Voices of the Passion and Easter - The Soldiers

I have imagined the reactions and thought processes of those people involved in the Good Friday and Easter narrative.

I hope that it will assist you to meditate on these events with fresh thoughts.

We have thrashed thousands of prisoners at the scourging post, all in the name of keeping the peace of the Roman Empire. Yet this One was different.

Usually, when the throngs with sharp stones and shards of bone rip into the prisoner’s back, we receive curses as we are the perpetrators and they see as the cruel enforcers of the enemy’s law. This particular man was unique in that He did not swear at us or the situation – indeed, He remained as quiet as a lamb going to the slaughter.

We were perplexed as we did not quite know what to do in the circumstances, so we covered our embarrassment with mock adulation to the so-called King of the Jews – placing a crown of thorns on His head instead of gold, a reed in His hands instead of a sceptre, a purple robe donating royalty that we would strip from Him, covering Him with spittle instead of flowers, and cursing Him instead of adulation.

When it was the time for this Jesus to go to Golgotha – the place of the skull – to give up His life, we formed a protective guard. We did not want Him to be rescued by His sympathisers or prematurely lynched by His detractors. As far as we concerned, we were doing our duty for the glory of Caesar, nothing more and nothing less.

Although we tried to treat it like any other execution we had performed (such as throwing a die for the possession of His meagre robe), we had a feeling that there was more to this event than met the eye. We undertook the grisly business of hammering the long iron nails through His wrists and ankles, we were splattered by His arterial spray as it covered our heads and tunic.

We heard His final words on the upraised cross, barely audible as He struggled for breath. There were no words of anger or presumed innocence, but of love and purpose. There were no curses raining down on us, but an upward plea to His God to forgive us for we did not know what we were doing.

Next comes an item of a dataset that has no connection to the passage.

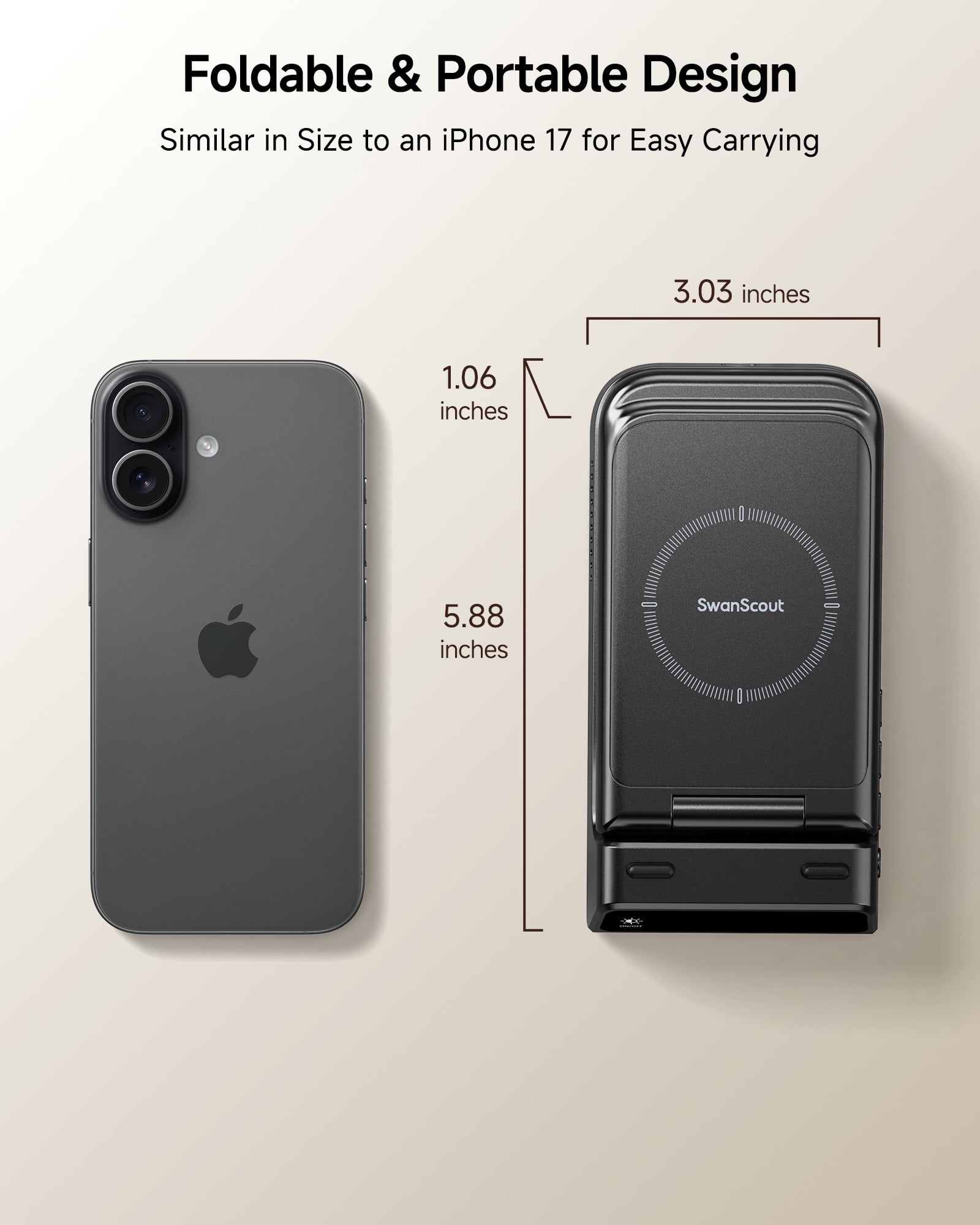 Charging Station for iPhone, SwanScout 703A, Wireless Charger for iPhone 17/Air/16/15/14/13/12/11 Series, for Apple Watch 10/Ultra 2/9/8/7/6/5/SE 2, for Airpods Pro 3/2, Foldable and Portable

The sun disappeared at midday and there was an almighty earthquake at the point when He gave up His last breath. These events continued to impress upon us that we had had taken part in a unique event that would change the course of history.

We wondered if we were pawns in a political and religious struggle, merely undertaking what was expected of us, or was there more to it than that as destiny (or whatever you would like to call it) was dictating that we should be part of something special.